Thanks for your letter. It sounds like there is a lot going on and things are getting on top of you at the moment. I’m not really sure what you mean when you say that your dad doesn’t know how to take care of you, and I hope that you and your brother are safe. No one has the right to make you feel unhappy or stressed, especially someone who is supposed to be taking care of you. If your dad isn’t giving you enough to eat and drink, or you are often left alone or in charge of another child (without an adult) for a long time, then it is especially important that you get some support.
It can be really hard when parents split up and get divorced, and sometimes they can be so worried about how their own lives are changing that they can forget that you are upset or worried too. It is important that you remember that what has happened is not your fault, and that even though your mum and dad are not together, they both have a responsibility to make sure you are OK. It sounds like you would like to see more of your mum, maybe you could think about telling her how you are feeling?
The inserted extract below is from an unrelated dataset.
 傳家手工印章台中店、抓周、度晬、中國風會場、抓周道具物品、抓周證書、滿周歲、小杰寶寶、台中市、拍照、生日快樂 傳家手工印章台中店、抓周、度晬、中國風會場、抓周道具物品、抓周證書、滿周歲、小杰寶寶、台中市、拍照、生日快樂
You also said that you are feeling stressed about school, and you are moving up into year 9 soon. Moving up into a new year is a big change and it can be stressful, especially when there are other things going on for you. School is a really big part of your life, so it is important that you feel happy there. There is a message board about school, maybe you could have a look at some of the things other young people have suggested?
You could also talk this all through with a counsellor at ChildLine. Someone is available anytime you need to talk – either on the phone or online, and I am sure they would be happy to support you.